----- INFORMATION PROVIDED
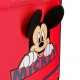 Mochila Mediana de 38 cm con Bolso Frontal y con Carro Mickey Happy en color Rojo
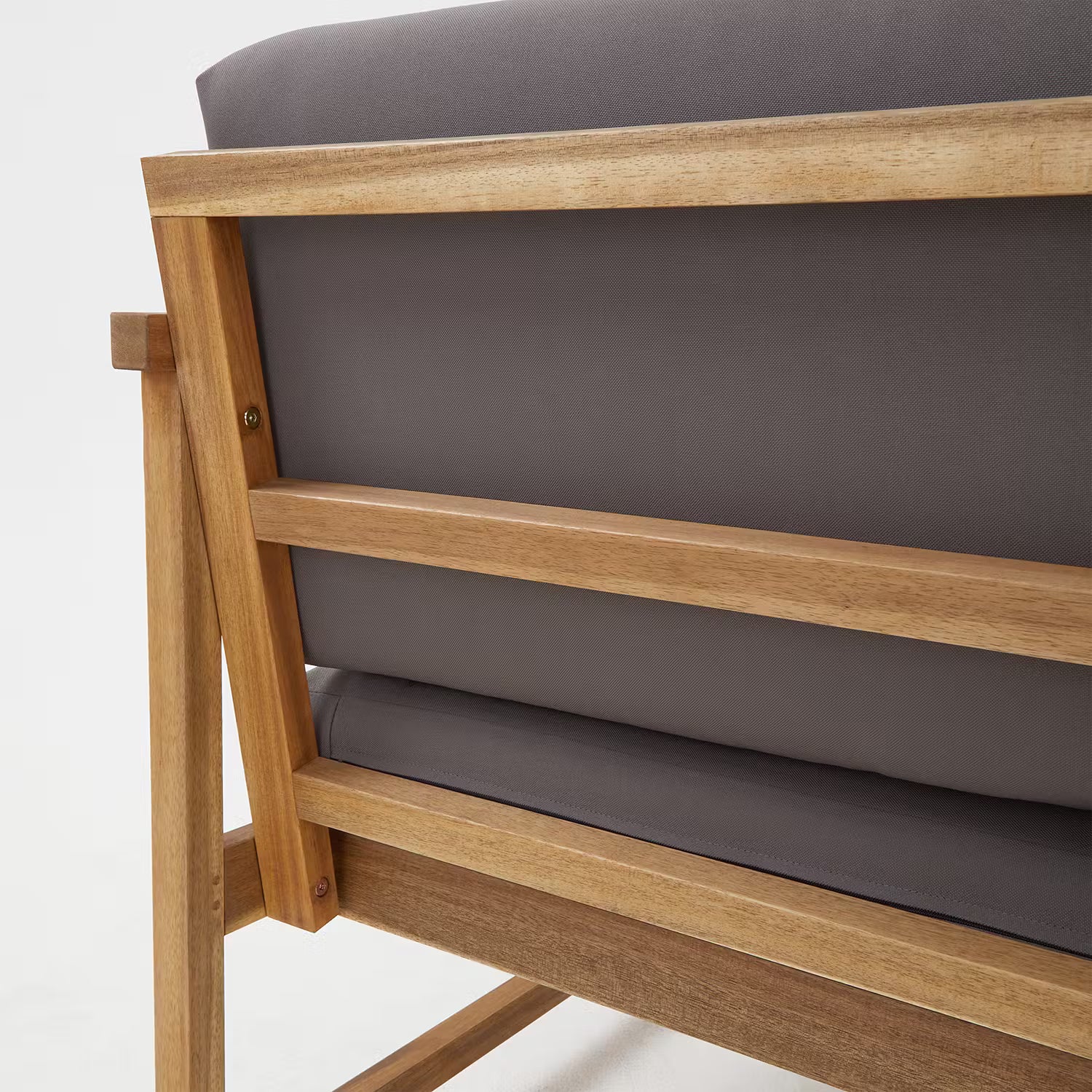 MIDTOWN Loungesessel - Akazie teilmassiv / Polyester - Natur / Grau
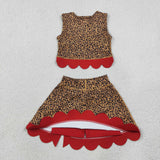 Red Bows Scalloped Leopard Print Athletic Shorts Girls Skirt Sets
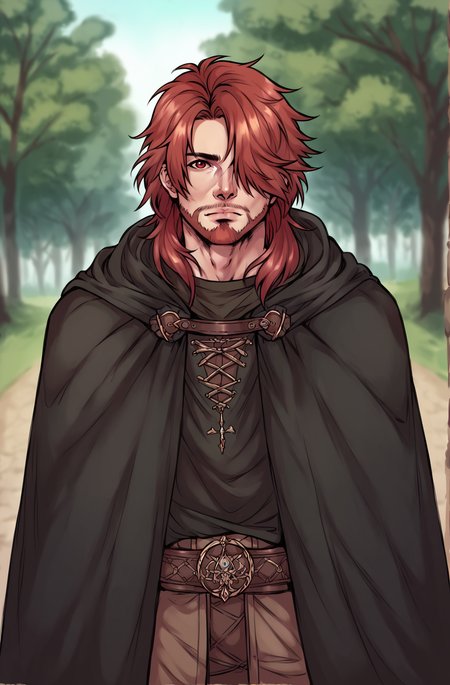 score_9,score_8_up,score_7_up,score_6_up,score_5_up,score_4_up ,<lora:aesthetic_witchy:0.3>,witchyaesthetic,realistic,blurry background solo,long hair,looking at viewer,red eyes,1boy,closed mouth,male focus,red hair,outdoors,belt,hood,hair over one eye,blurry,tree,blurry background,facial hair,cloak,beard,hood up,hooded cloak <lora:dskart_ponyxl:0.8> Duskfallcrew Art Style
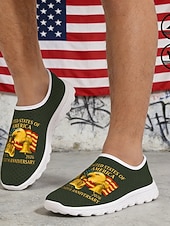  250-летний юбилей США Мужские патриотические графические кроссовки - легкие дышащие повседневные слип-оны обувь с принтом американского флага для парадов путешествий уличной моды и повседневной носки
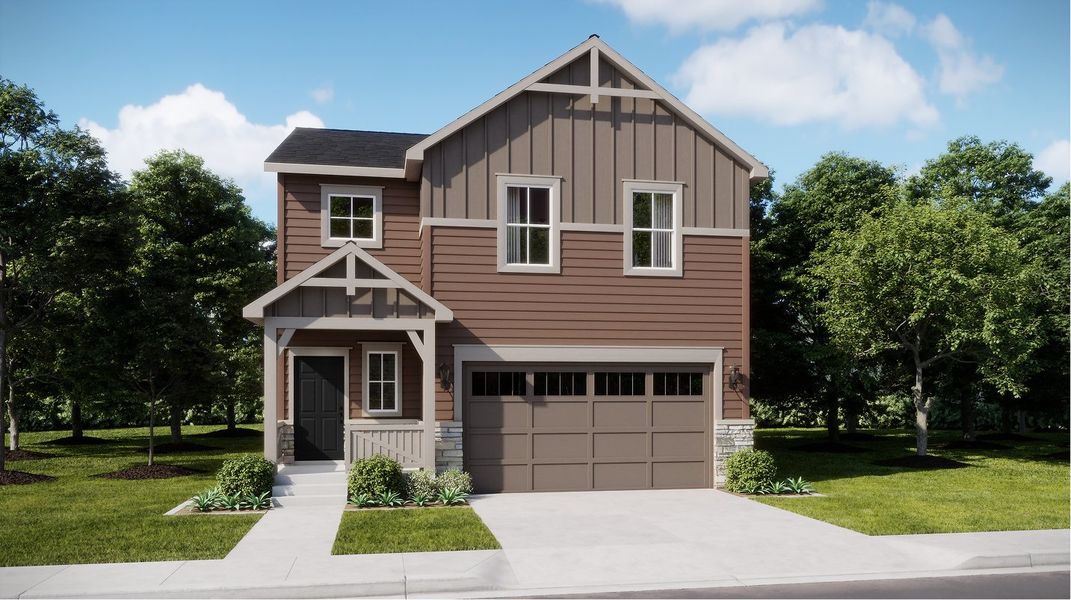 Front exterior of a new home in Muegge Farms, Bennett, CO, highlighting curb appeal (Image 1). Front exterior of a new home in Muegge Farms, Bennett, CO, highlighting curb appeal (Image 1).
----------
_ASSIGNMENT_
Only an exact copy is wanted: the lines from the opening of the material through the line that has "Red Bows Scalloped", minus any pictures.

_OUTPUT OF THE EXERCISE_
 Mochila Mediana de 38 cm con Bolso Frontal y con Carro Mickey Happy en color Rojo
 MIDTOWN Loungesessel - Akazie teilmassiv / Polyester - Natur / Grau
 Red Bows Scalloped Leopard Print Athletic Shorts Girls Skirt Sets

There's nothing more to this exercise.